Assassination of President John F. Kennedy
Thirty nine years ago the Kingdom of Camelot died when President John F. Kennedy was assassinated. Decades later I feel that a part of America died that day in Dallas. I heard the news of the Dallas shooting when an announcement was made by our Superintendent over the school's intercom system. I remember feeling stunned as well as having a great sense of revenge.
Our country stood still for that terrible weekend in November of 1963. I felt as though I lost a close family member. Our whole family wept openly and we were riveted the television and said the rosary as a family. President Kennedy was our President, a fellow Catholic. Our family was one of the relatively few Catholic families in town. When John F. Kennedy was elected, there were approximately 30% Catholics in the country. There was nearly a perfect correlation between parental political preference and that of the children. During the 1960 election, we had pitched debates about the Presidential election. Nixon was the clear choice of my classmates reflecting the fact that Humboldt had a large Republican contingent.
The descendents of the early Prince Edward Islanders tended to be Republican and Protestant. Catholics tended to be Democrats. There also seemed to be a correlation between the size of the farm and the predisposition to vote Republican. The bigger the farm, the more fervent the Republican. There were exceptions to this rule, but the small farmer of Humboldt tended to be Democrats. The workers on the railroad and the depot personnel of St. Vincent and Noyes also leaned in the direction of Democrats. At least locally, the debate over the merits of a Kennedy Presidency often descended into arguments about Papal country of the country.
During the 1930s and 1940s, the chasm between Catholics and Protestants was great. By mid-century, at least in the Humboldt area, there were few religious differences and in fact, many intermarriages between Catholics and Protestants. Still, the Kennedy Presidential candidacy was marked by religious prejudice even in our Red River Valley.
I know that all of the Catholics I knew in Kittson County were proud when the first Catholic President was elected.
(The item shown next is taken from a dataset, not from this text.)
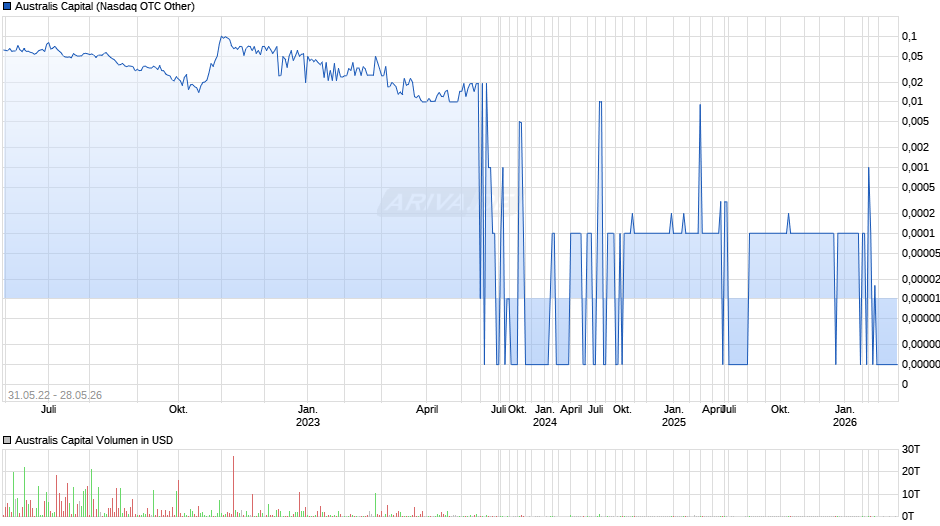Australis Capital Chart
I think that JFK and Jackie won over many Protestants with their glamour and fresh approach that replaced the dowdy Eisenhowers. During the campaign, I had many arguments with the Loer girls about why Kennedy was better than Nixon for our country. The Loers--Diane and Carolyn were close childhood friends but we did differ on our politics. The Loers were also deeply upset by the Kennedy assassination.
I wonder how an event 39 years ago can still resurrect tears and even despair. My memory of my schoolmates' reaction to the assassination is dimmed by the decades. I can only resurrect my own memories with any accuracy. I remember going home on the bus as we had an early dismissal. Our family went shopping in Hallock on Friday evening. The stores were open but the shoppers were preoccupied with the tragedy. I remember going into Clay's Drugstore and buying candy and watching that wonderful display case of salted nuts revolve listening to conversations of the assassination. I think that the shoppers did not have Christmas on their mind that Friday night.
We lived in a black and white world in the early 1960s in N.W. Minnesota. Our little set was tuned to ABC because our set did not receive signals from CBS or NBC. The routine of those sad days continued but always in the background was the omnipresent grief from the death of our President. I remember seeing the shooting of Oswald by Jack Ruby live. The caisson drawn by black horses (fwhich earlier carried the body of Lincoln) is another memory.
I know that our country was changed by November 22, 1963. The events of 911 rekindled many of the emotions and collective angst we felt so many years ago in the early 1960s. Our little corner of N.W. Minnesota gathered together despite political differences and allegiances to grieve the loss of a family member.